Task objective:
When you copy the entries, match them exactly and omit the pictures.

The data:
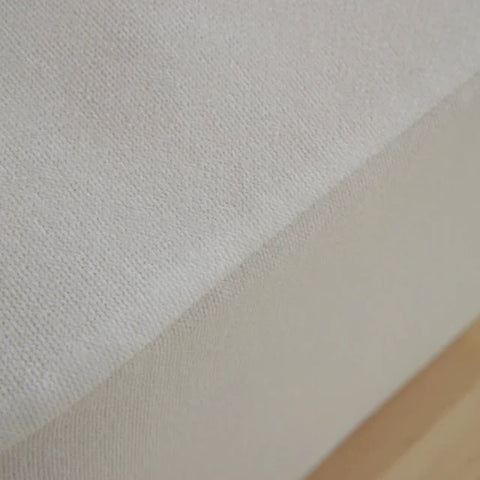Karaca Home Micro Drap-housse Matelas King Size 180x200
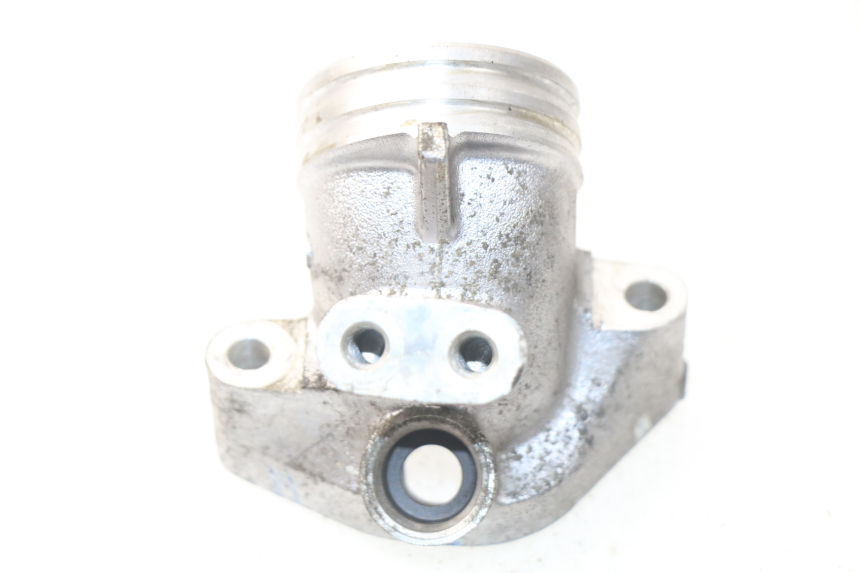 photo de INLAATPIJP HONDA NSS EX FORZA 250 (2005 - 2013) - Detail van het onderdeel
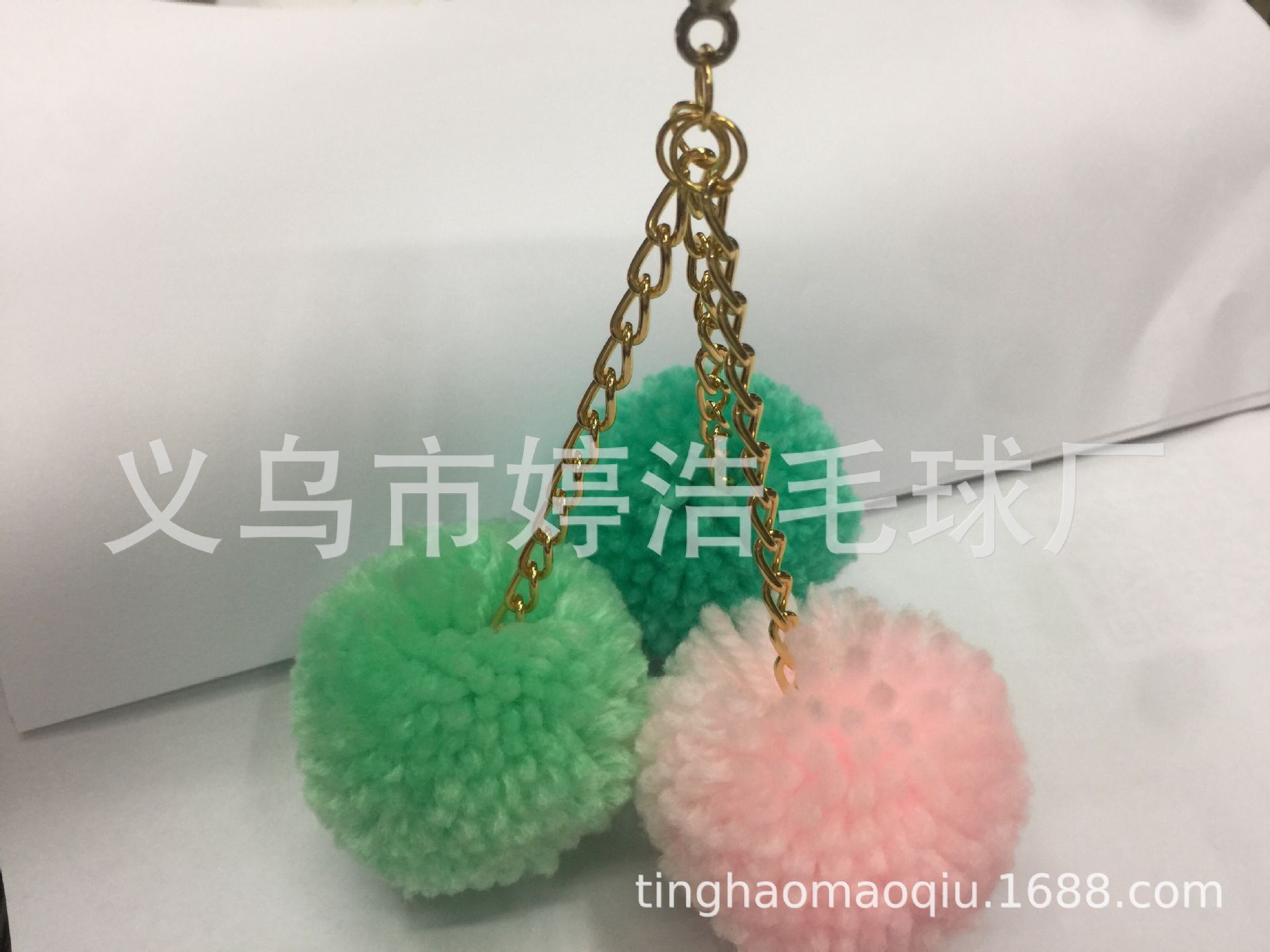 QQ图片20180707155344
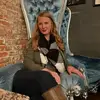 Taylor Mankel - @taylormankel - TikTok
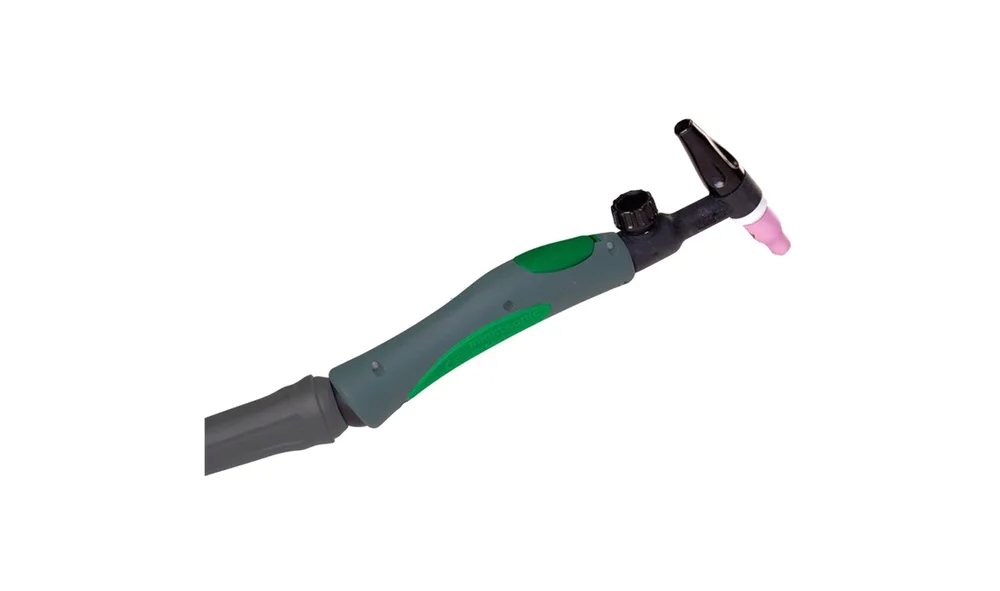 Sveiseslange 4m TIG Ergo 101 v:9945266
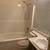 Studio suite Richmond 4 thumbnail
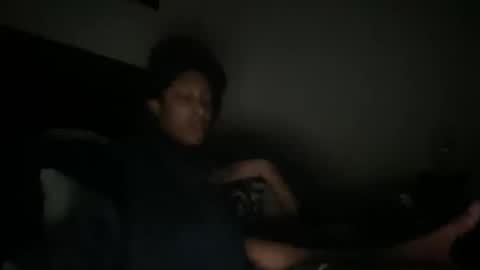 prettyfacefemale online show from February 22, 2026, 5:44 pm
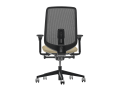 HMI_Verus_Office_Chair_PIA1B326AAAJBK36506C7ZLR07 (3).png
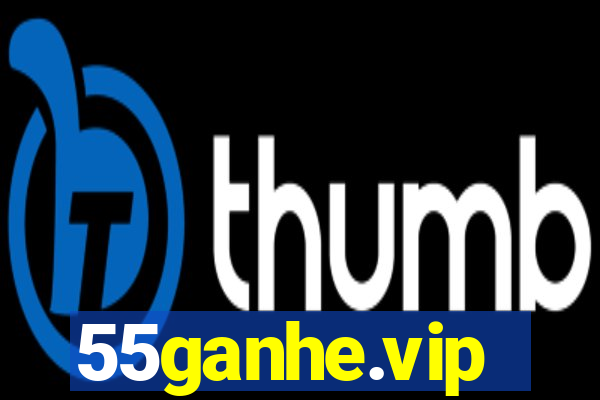 55ganhe.vip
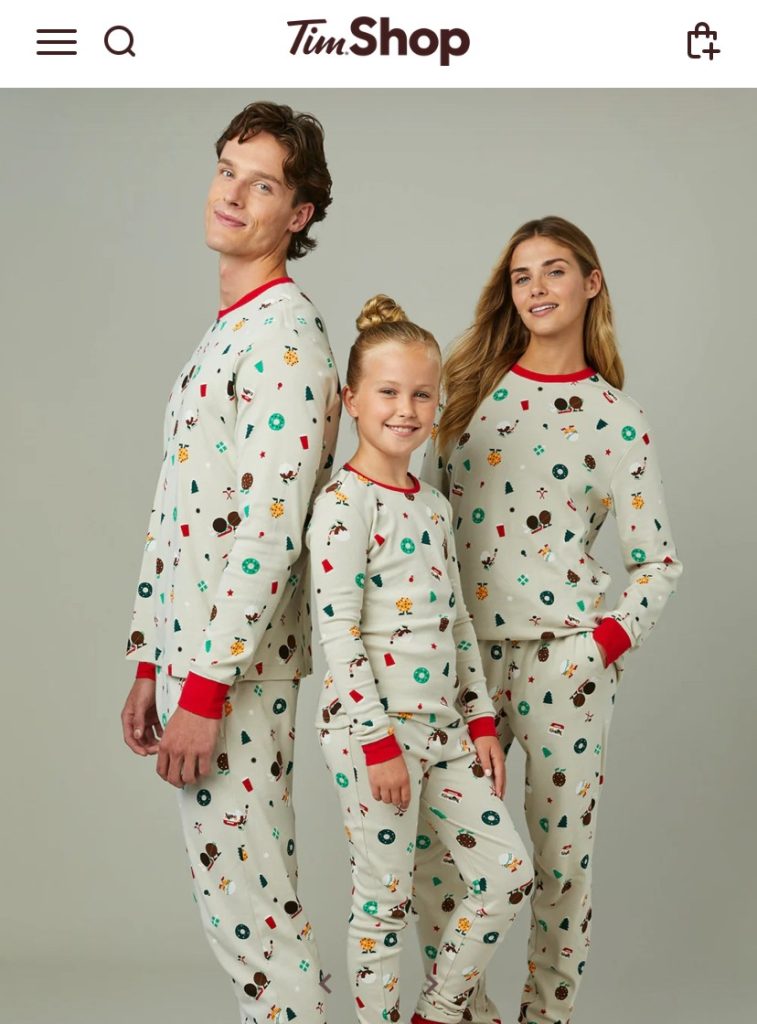 Tim-Hortons-Samantha-Pickles5-757x1024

Written response:
Karaca Home Micro Drap-housse Matelas King Size 180x200
 photo de INLAATPIJP HONDA NSS EX FORZA 250 (2005 - 2013) - Detail van het onderdeel
 QQ图片20180707155344
 Taylor Mankel - @taylormankel - TikTok
 Sveiseslange 4m TIG Ergo 101 v:9945266
 Studio suite Richmond 4 thumbnail
 prettyfacefemale online show from February 22, 2026, 5:44 pm
 HMI_Verus_Office_Chair_PIA1B326AAAJBK36506C7ZLR07 (3).png
 55ganhe.vip
 Tim-Hortons-Samantha-Pickles5-757x1024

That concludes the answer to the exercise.